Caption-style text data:
○ ○ ○ ○ ○ ○ ○
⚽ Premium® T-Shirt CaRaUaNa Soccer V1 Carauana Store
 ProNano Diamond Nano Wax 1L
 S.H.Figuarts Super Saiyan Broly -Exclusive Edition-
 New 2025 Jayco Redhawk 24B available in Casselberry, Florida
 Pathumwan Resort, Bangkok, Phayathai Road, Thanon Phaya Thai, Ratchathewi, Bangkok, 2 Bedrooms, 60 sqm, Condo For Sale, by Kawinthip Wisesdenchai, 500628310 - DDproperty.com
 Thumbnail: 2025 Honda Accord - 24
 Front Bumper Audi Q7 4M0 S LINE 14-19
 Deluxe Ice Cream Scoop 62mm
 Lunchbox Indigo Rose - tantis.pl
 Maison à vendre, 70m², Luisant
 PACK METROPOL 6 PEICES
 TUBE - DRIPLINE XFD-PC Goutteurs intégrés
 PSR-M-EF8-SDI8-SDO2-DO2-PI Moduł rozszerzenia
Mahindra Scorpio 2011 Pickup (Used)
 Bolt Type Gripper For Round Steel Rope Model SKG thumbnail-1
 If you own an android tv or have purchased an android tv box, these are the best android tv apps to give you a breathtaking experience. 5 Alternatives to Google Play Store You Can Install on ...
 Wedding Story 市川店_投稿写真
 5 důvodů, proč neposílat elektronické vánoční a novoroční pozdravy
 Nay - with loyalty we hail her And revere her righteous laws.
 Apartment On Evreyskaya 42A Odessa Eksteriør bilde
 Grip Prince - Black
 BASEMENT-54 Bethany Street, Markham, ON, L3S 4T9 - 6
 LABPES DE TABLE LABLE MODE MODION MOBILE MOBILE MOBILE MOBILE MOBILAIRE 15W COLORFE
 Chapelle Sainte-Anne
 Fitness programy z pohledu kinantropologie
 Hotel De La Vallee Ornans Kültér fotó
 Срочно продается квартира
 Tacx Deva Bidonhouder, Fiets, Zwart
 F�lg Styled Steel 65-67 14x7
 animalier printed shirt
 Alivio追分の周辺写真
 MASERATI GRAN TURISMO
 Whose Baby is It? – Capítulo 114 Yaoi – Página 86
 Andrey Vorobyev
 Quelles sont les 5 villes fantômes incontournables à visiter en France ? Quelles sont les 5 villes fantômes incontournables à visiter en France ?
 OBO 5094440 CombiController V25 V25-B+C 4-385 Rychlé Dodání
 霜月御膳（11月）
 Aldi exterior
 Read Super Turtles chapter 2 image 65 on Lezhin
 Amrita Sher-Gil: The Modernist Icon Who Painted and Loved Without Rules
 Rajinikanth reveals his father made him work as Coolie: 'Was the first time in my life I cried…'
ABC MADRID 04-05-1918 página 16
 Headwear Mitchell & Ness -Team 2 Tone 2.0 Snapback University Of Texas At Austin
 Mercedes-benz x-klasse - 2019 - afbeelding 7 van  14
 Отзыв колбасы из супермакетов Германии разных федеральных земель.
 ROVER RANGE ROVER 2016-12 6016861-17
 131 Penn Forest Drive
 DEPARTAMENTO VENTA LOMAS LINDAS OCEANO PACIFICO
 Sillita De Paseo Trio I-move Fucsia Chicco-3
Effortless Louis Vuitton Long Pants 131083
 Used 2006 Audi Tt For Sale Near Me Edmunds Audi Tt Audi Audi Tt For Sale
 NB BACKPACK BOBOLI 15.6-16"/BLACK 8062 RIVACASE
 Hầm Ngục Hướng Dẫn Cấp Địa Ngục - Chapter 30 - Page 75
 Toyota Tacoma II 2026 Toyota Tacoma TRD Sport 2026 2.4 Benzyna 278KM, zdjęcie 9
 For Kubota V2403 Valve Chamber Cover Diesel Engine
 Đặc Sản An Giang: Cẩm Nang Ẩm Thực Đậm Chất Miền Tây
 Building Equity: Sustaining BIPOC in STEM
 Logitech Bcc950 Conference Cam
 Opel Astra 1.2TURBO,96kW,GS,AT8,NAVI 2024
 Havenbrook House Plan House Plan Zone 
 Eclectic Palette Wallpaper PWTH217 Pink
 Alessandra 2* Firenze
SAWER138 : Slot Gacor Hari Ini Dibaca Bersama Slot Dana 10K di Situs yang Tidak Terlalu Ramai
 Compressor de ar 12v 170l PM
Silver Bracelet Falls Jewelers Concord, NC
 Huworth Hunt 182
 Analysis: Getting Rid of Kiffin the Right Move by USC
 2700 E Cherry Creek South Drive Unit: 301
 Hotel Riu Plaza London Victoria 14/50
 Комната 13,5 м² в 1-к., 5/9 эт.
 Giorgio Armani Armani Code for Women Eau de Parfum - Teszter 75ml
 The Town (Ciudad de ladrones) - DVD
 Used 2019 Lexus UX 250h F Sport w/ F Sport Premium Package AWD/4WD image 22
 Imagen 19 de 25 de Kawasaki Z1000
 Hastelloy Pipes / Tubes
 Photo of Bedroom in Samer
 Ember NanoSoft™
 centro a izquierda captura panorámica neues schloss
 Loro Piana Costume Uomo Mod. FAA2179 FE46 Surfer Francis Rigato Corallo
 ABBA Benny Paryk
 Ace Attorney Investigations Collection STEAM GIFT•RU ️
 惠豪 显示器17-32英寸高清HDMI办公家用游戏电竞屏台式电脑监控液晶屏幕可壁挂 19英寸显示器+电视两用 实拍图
○ ○ ○ ○ ○ ○ ○
Work request: The lines from the one containing "Photo of Bedroom in Samer" through the end of the data are to be copied exactly, the first and last of them included.

Expected answer:
 Photo of Bedroom in Samer
 Ember NanoSoft™
 centro a izquierda captura panorámica neues schloss
 Loro Piana Costume Uomo Mod. FAA2179 FE46 Surfer Francis Rigato Corallo
 ABBA Benny Paryk
 Ace Attorney Investigations Collection STEAM GIFT•RU ️
 惠豪 显示器17-32英寸高清HDMI办公家用游戏电竞屏台式电脑监控液晶屏幕可壁挂 19英寸显示器+电视两用 实拍图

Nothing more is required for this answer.